Narciso
era un joven muchacho, tan hermoso que hasta las deidades del Olimpo celaban su
belleza. Un día, mientras tomaba agua en un estanque, Cupido fue mandado por
los dioses para herirlo con una de sus flechas. Así fue como Narciso se enamoró
de su propia imagen; tanto, que ninguna otra persona volvió a parecerle
atractiva, aunque todas seguían enamorándose de él. Ese era el resultado
deseado por los dioses, el sufrimiento infinito de verse privado del placer de
amar.
Eco,
por su parte, también había sido víctima de un conjuro, la esposa de Zeus le
había quitado el don del habla.
Afrodita,
la diosa del amor y de la belleza, se había compadecido de Eco y no pudiendo
deshacer el hechizo anterior, lo atenuó, permitiéndole hablar pero sólo para
repetir lo que otros le dijeran.
Cuenta
la leyenda que un día Narciso caminaba por la orilla de un río, triste como
siempre, sufriendo su pena, y desde detrás de un matorral Eco lo espiaba. Como
todos los que se cruzaban con Narciso, también Eco se enamoró del joven pero no
se animó a salir a su paso dado que nada podría decirle salvo que él le hablara
primero.

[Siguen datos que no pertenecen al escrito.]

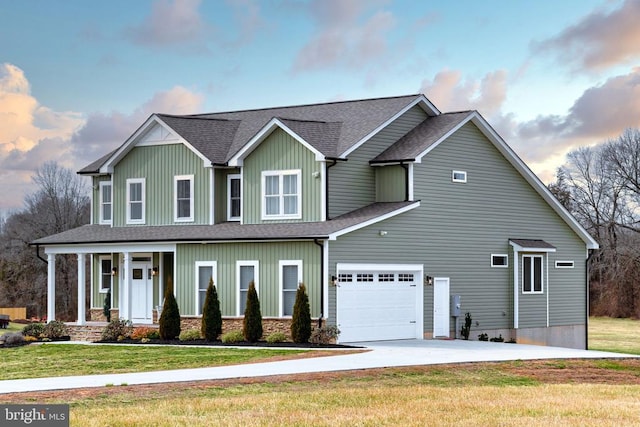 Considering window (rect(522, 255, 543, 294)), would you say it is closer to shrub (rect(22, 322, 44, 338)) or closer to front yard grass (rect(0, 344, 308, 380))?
front yard grass (rect(0, 344, 308, 380))

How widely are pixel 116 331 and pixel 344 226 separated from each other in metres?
8.68

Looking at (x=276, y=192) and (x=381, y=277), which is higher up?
(x=276, y=192)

Dolorida por su condena, Eco lloró.
—¿Quién
está ahí? —preguntó Narciso al escuchar el llanto.
—¿Quién
está ahí? —contestó Eco.
—Soy
yo, Narciso. ¿Y tú quién eres?
—Soy
yo —repitió Eco.
—Sal
a la luz, quiero verte — dijo el joven.
—Quiero
verte —dijo Eco.
—Ven
aquí entonces —comandó Narciso.
—Ven
aquí —repitió Eco—, ven aquí.
Narciso
temió una nueva trampa de los dioses y no se atrevió a internarse en la
espesura.
—¿Tú
no entiendes que necesito amar a alguien? —preguntó Narciso.
—Tú
no entiendes —contestó Eco llorando.
—Si
no sales ya mismo... —exigió Narciso— ...vete y adiós.
—Adiós
—repitió Eco—, adiós ... adiós....
El bello joven
se dio cuenta de que el amor por fin llegaba a su corazón. Quizás porque al no
ver a su ama da no había tenido una imagen con quien compararla; quizás porque
su voz solo le devolvía sus propias palabras... lo cierto es que sin razones
para él, Narciso finalmente se había enamorado.
—Vuelve por
favor —gritó—. Yo te amo.
Pero era
tarde... la doncella ya no podía escucharlo.
Narciso se
sentó junto al río y lloró.
Lloró
como nunca había llorado, toda esa tarde y también toda esa noche. Tanto lloró
Narciso que por la mañana, al salir el sol, su cuerpo se había secado y el
joven amaneció transformado en una flor: el narciso, que desde entonces crece
en las orillas de los ríos reclinado sobre el agua como llorando sobre su imagen
reflejada.
Lo
que Narciso recibía de Eco era el reflejo de su propia palabra, pero como
estaba enamorado de su imagen, no tenía más remedio que enamorarse de su propia
palabra, que era lo único que Eco le podía decir.